Serenata Española by Joaquim Malats: the piano piece that conquered guitar world
Joaquim Malats by Ramon Casas
Serenata Española, written by Spanish piano virtuoso Joaquim Malats, has been the most popular work among guitarists for more than a hundred years which served as the main basis for the composer’s fame in modernity. The first guitar transcriptions of Serenata Española were made in the early 20th century by classical guitar legend Francisco Tárrega and his pupil Severino García Fortea while perhaps the most influential adaptations belong to Andrés Segovia and Julian Bream.
It is believed that the main merit of Joaquim Malats was his masterful interpretation of other composers' works including those of his friend and countryman Isaac Albéniz, who, in close collaboration with Malats, created his final masterpiece Iberia which is considered to be one of the most influential piano works.

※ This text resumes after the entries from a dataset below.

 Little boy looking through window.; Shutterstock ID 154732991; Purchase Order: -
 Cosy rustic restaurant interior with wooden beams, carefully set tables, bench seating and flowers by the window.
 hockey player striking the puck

Joaquim Malats' incredible prowess as a piano player also showed itself during his extensive tours throughout Europe and America where listeners were amazed to hear his incredible piano technique. Unfortunately, Malats died from tuberculosis at the peak of his career, leaving a little more than a dozen of self-composed works.
Joaquim Malats was born in 1872 in the suburbs of Barcelona. At the insistence of his father, he attended and graduated the Municipal Conservatory of Barcelona under the direction of Juan Bautista Pujol who educated many prominent Spanish pianists of the late romantic period including Enrique Granados and Ricardo Viñes. Since the family did not have a stable income, Malats decided to become a carpenter after his graduation from the conservatory, but his father was able to convince the city municipality to provide funds for Malats' further education at Paris Conservatory.

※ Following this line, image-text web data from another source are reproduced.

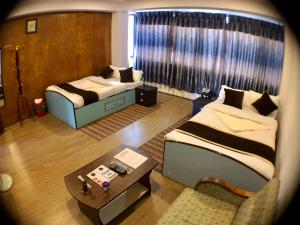 Postel nebo postele na pokoji v ubytování Hotel Satyam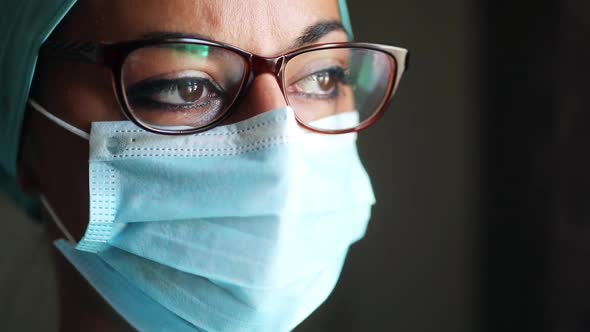 Young female medic, wearing a mask and glasses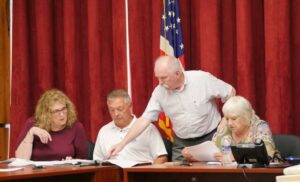 Luzerne County Planning/Zoning senior planner Patrick Dooley (standing) shows development plans to Planning Commission members, from left, Karen Fleisher, William Kane and Vice Chairwoman Cinda Hartman during a proceeding Thursday at the county courthouse in Wilkes-Barre.
                                 Jennifer Learn-Andes | Times Leader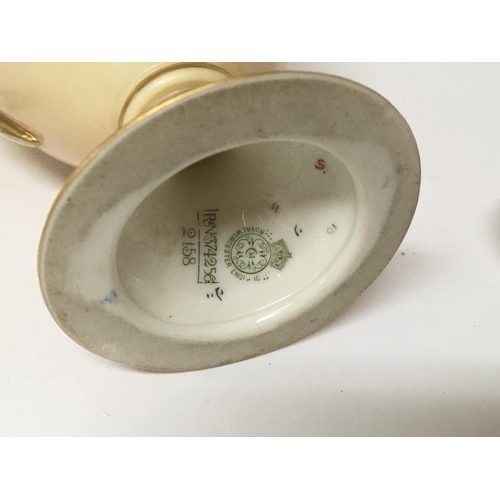 1100 - A hand painted Royal Worcester porcelain vase with flowers and foliage and applied gilt height 29cm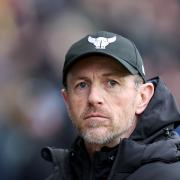 Oxford boss Gary Rowett looks on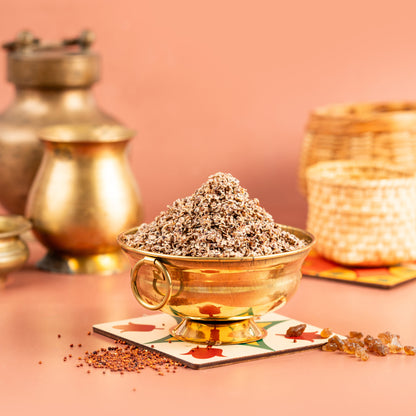 A bowl of air fried ragi sweet on a plate with a backdrop of woven baskets and a golden pot. The ragi is sprinkled with spices and sits in a square, decorative plate with a pink background.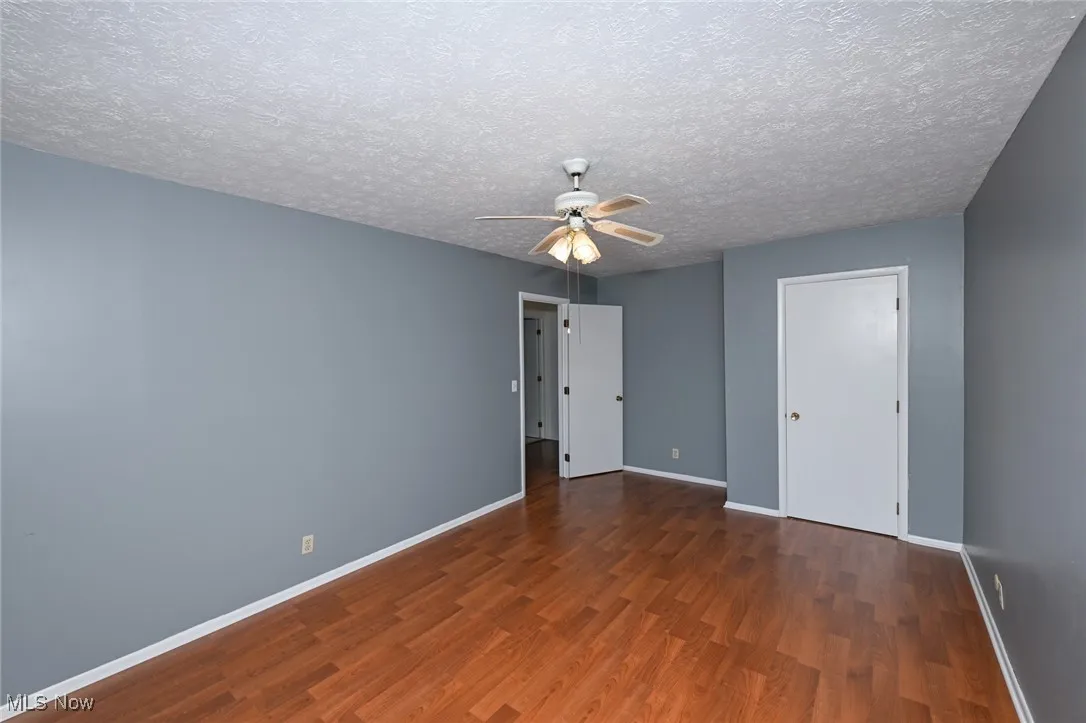 Upstairs bedroom #2 featuring dark wood finished floors, ceiling fan, and a textured ceiling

In his Paris period, Malats based most of his compositions on the traditions of Spanish folk music which, at the time, were extremely adored. He became one of the best pianists of his time whose main objective was to showcase the works of the modern composers; after all, before recorded music took off, these interpretative concerts were the only opportunity one had to listen to new compositions.

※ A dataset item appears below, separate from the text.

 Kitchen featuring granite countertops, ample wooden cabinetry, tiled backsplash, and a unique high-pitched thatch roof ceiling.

Further development of Malats' performing career was stalled by his progressing illness that forced the composer to stop touring and return to his homeland where he spent two years teaching the piano and composition before his death in 1912.
The composer’s invaluable contribution to the piano movement of the early 20th century is well-illustrated by Albeniz who wrote to Malats about the true motivation behind his most famous work:
“I am writing Iberia (…) essentially because of you and for you.”
Historically, Spanish folk music is guitar-oriented, so it is not surprising that the compositions of Spanish pianists representing national post-romanticism and impressionism are so popular among guitarists. Undoubtedly, the most famous piano work rearranged for classical guitar is Albéniz's Asturias which, in the opinion of musicologists, inspired Malats to compose Serenata Española.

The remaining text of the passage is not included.